What you are asked to do:
Further down are entries; set down exactly and only the lines from the one with "Apple iPhone 13 1" up to and including the one with "Palapa Hotel 5/50", dropping each picture.

Supplied information:
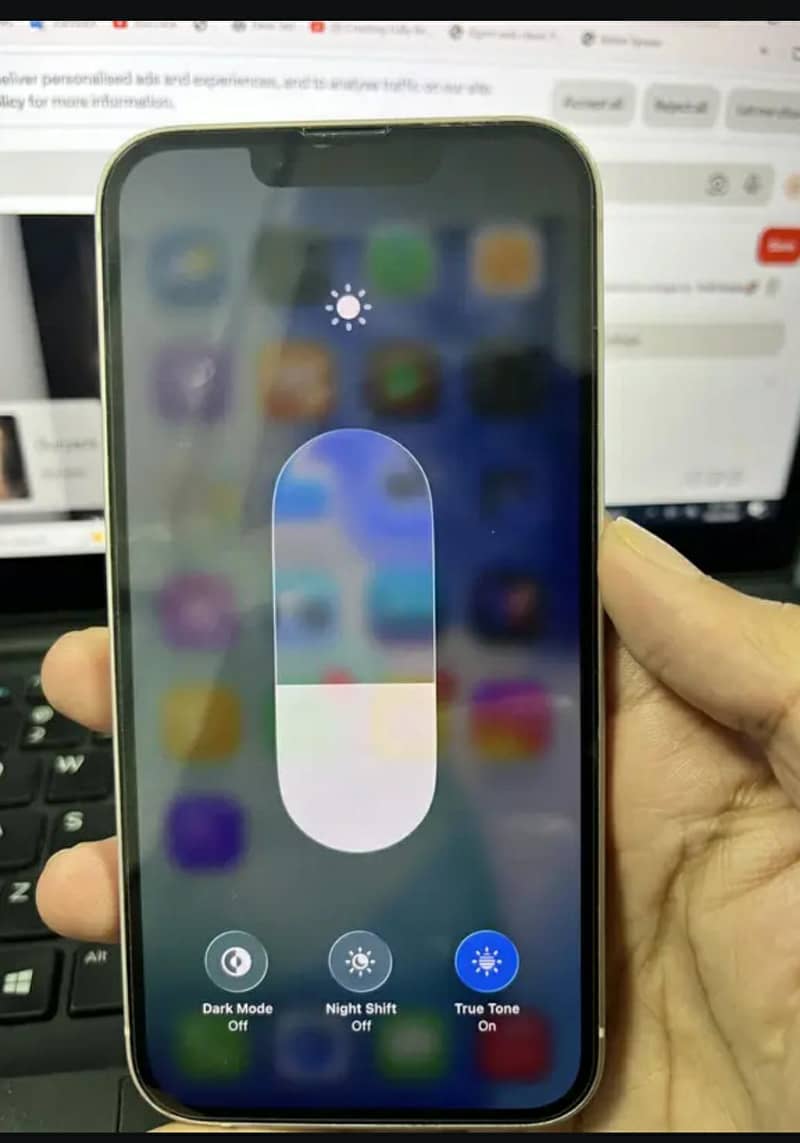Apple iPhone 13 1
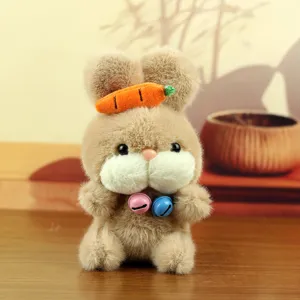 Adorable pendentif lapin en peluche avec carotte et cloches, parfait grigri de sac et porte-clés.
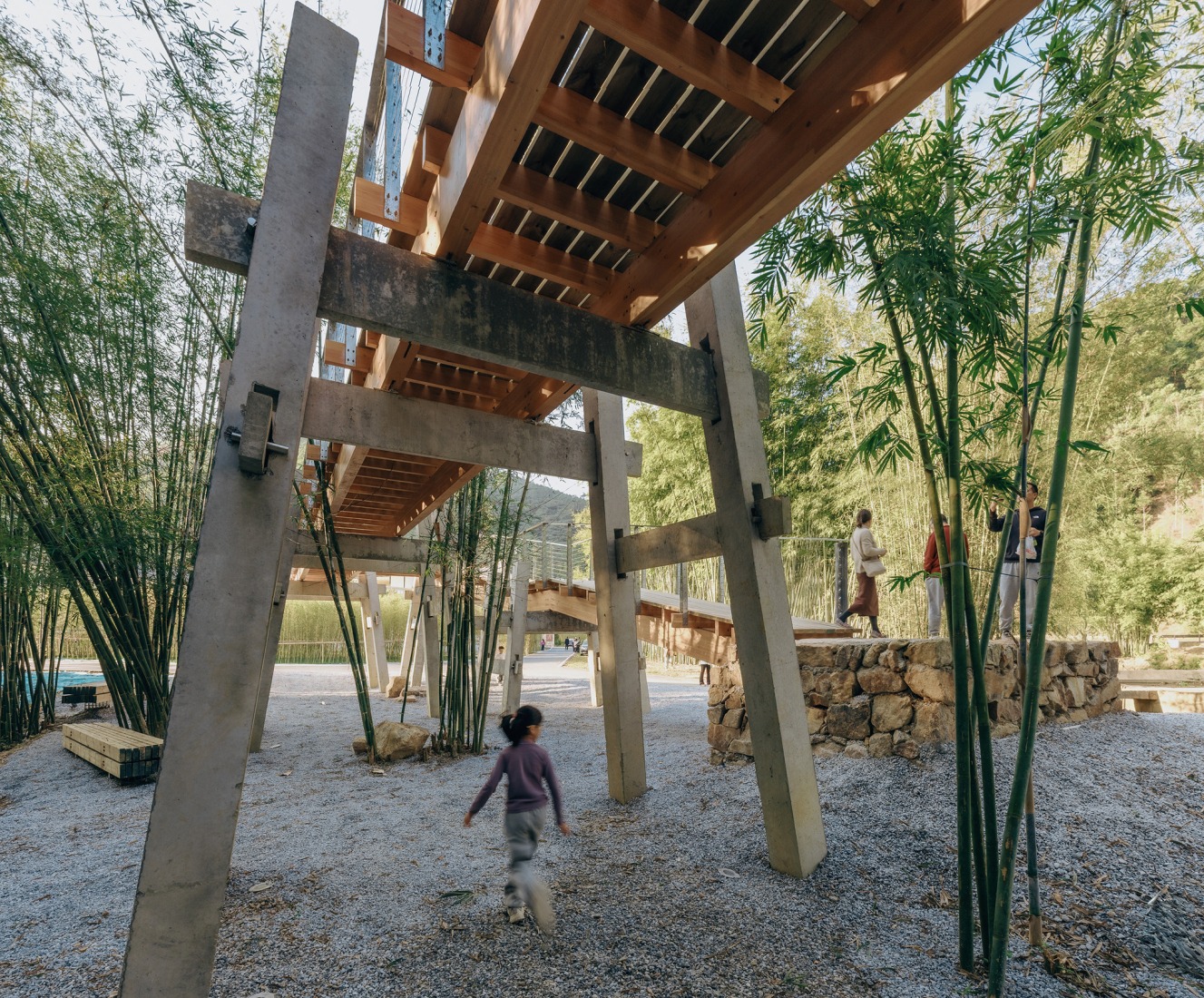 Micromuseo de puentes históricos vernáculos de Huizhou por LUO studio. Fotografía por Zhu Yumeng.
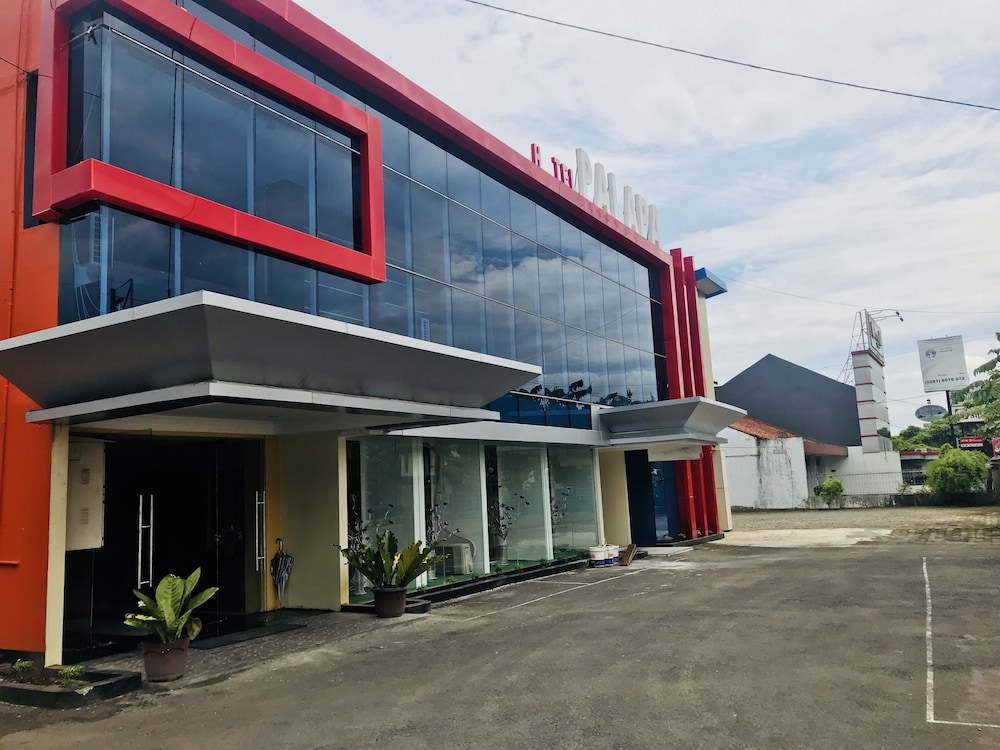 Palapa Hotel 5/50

...

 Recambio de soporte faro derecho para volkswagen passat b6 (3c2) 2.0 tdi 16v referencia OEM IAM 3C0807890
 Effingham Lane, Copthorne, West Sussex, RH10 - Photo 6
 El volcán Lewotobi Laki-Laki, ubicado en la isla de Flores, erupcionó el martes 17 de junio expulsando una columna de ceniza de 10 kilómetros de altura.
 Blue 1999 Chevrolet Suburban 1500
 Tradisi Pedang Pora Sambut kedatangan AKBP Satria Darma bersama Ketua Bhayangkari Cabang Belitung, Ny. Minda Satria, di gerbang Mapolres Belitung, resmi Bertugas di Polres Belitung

Output for this task:
Apple iPhone 13 1
 Adorable pendentif lapin en peluche avec carotte et cloches, parfait grigri de sac et porte-clés.
 Micromuseo de puentes históricos vernáculos de Huizhou por LUO studio. Fotografía por Zhu Yumeng.
 Palapa Hotel 5/50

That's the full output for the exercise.